Autora invitada: María Luisa Vergara A.
En octubre de 2018, una candente polémica se instaló en el sector de la cultura en Chile. El presupuesto 2019 para el recientemente creado Ministerio de las Culturas, las Artes y el Patrimonio, alrededor de un 4% superior respecto de su versión de 2018, presentaba una reducción del 30% en los fondos que se entregaban por asignación directa a seis emblemáticas instituciones culturales del país: El museo Violeta Parra, el (casi nuevo) Teatro Regional del Bío Bío, Matucana 100, la Fundación Teatro a Mil, el Museo Precolombino y Balmaceda 1215. Una activa lucha en el congreso por parte de esas instituciones y sus adherentes, y el revuelo mediático -y quizás intelectual- que causó la medida (ver columnas y cartas en el diario El Mercurio de Cristián Warnken, Sergio Urzúa, Luciano Cruz Coke, Carlos Aldunate y Pedro Gandolfo, entre otras), significó que a mediados de noviembre los fondos fueran restituidos y el presupuesto se presentara sin recortes para 2019. La polémica giró principalmente en torno a la discrecionalidad en la asignación de dichos fondos, pero más allá de ese punto, volvió a poner en el tapete la pregunta acerca de la necesidad de apoyo público a las artes y la cultura y la búsqueda de una manera idónea de hacerlo.
La pregunta sobre el financiamiento público del sector cultural no es una nueva. De hecho, ha sido un tema tratado por grandes pensadores de la economía, como el mismísimo Keynes (quien apoyaba la idea), y se encuentra en la base de lo que se conoce actualmente como la Economía de la Cultura. Es más, el dilema que se ha establecido como hito fundacional para dicha disciplina, propuesto a mediados de los años 60 por William Baumol y William Bowen, y que posteriormente se llamó La Enfermedad de los Costos, plantea que las artes escénicas presentan ciertas características en su producción, que las llevaría eventualmente a depender del financiamiento estatal (o de terceros) para poder sobrevivir y seguir existiendo para la posteridad.

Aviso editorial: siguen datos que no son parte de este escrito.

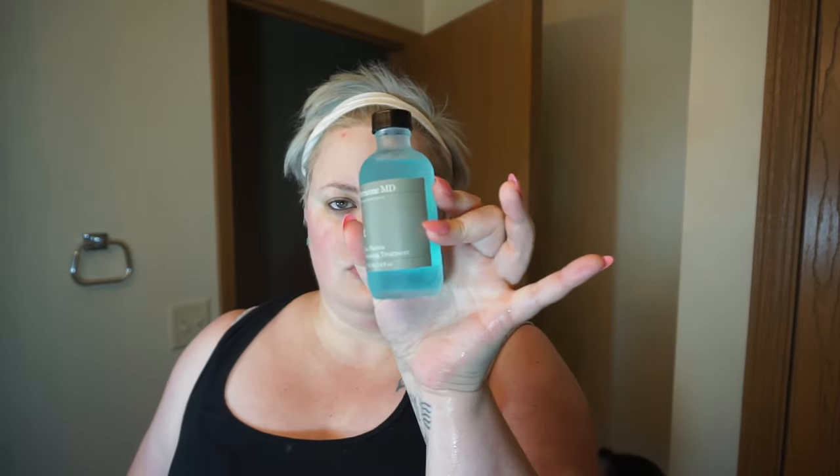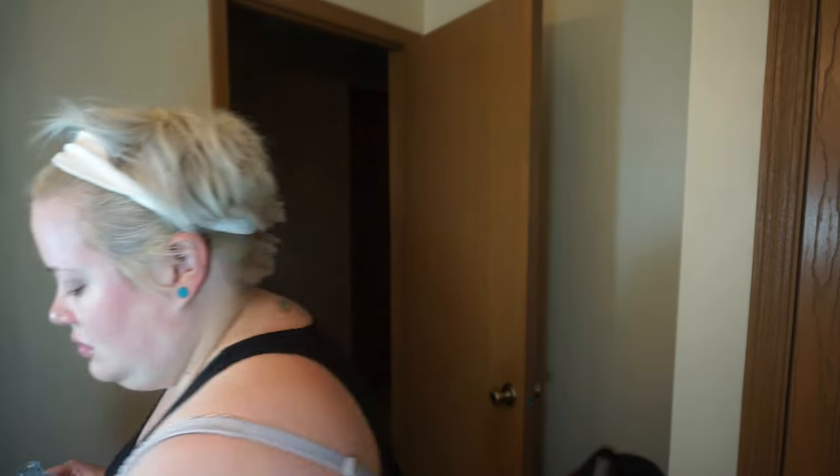Next I'm going to use the Perricone MD blue plasma cleansing treatment. This can be doubled as a cleanser or a toner — I use it as a toner. Perricone is absolutely wonderful; it has great anti-aging properties. If you feel like you're getting fine lines and wrinkles, this is definitely the product line for you. It's a pretty penny but totally worth it. I just put this on a cleansing pad and wipe it all over my face.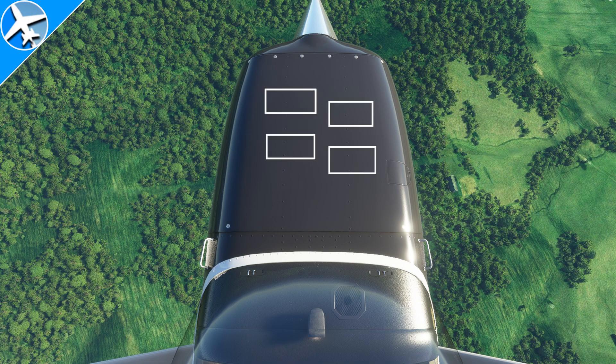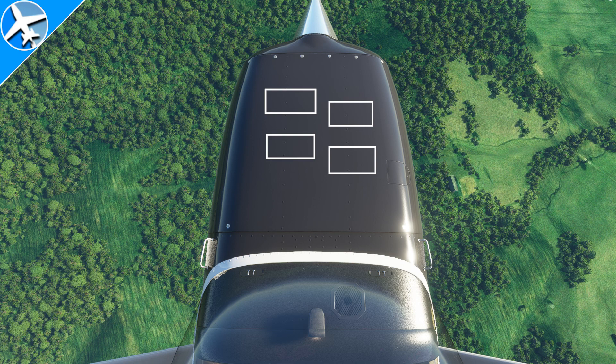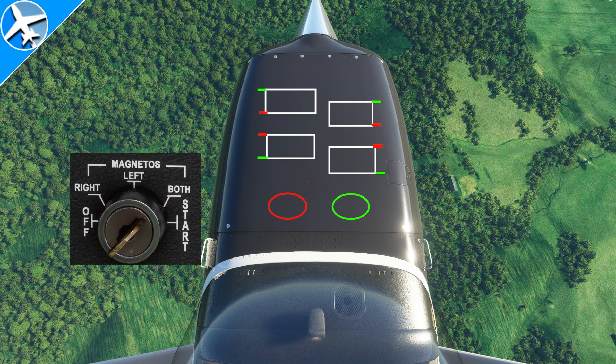First thing we need to do is draw an engine. This is a four-cylinder horizontally opposed engine. Next, we have two magnetos — a left and a right. Their job is to create electrical current to a spark plug to produce a spark. Each cylinder has two spark plugs. The small green lines indicate a spark plug connected to the right magneto, and the red to the left magneto.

¿Por qué es el financiamiento un tema tan fundamental para este sector y para su estudio desde la economía? Principalmente porque los bienes y servicios culturales poseerían ciertas características que ponen en entredicho las posibilidades de que ellos puedan operar en mercados competitivos, e incluso cuestionan la posibilidad de aplicar la racionalidad económica tradicional para su análisis.
En primera instancia, muchos de los bienes y servicios pertenecientes al sector de la cultura poseen características de bienes públicos (es decir no son rivales ni excluyentes en su consumo) y/o producen externalidades positivas. Estas condiciones, consideradas fallas de mercado, provocarían que un equilibrio privado de mercado no nos lleve a una óptima provisión del bien y, por ende, se deban buscar alternativas que sí lo hagan.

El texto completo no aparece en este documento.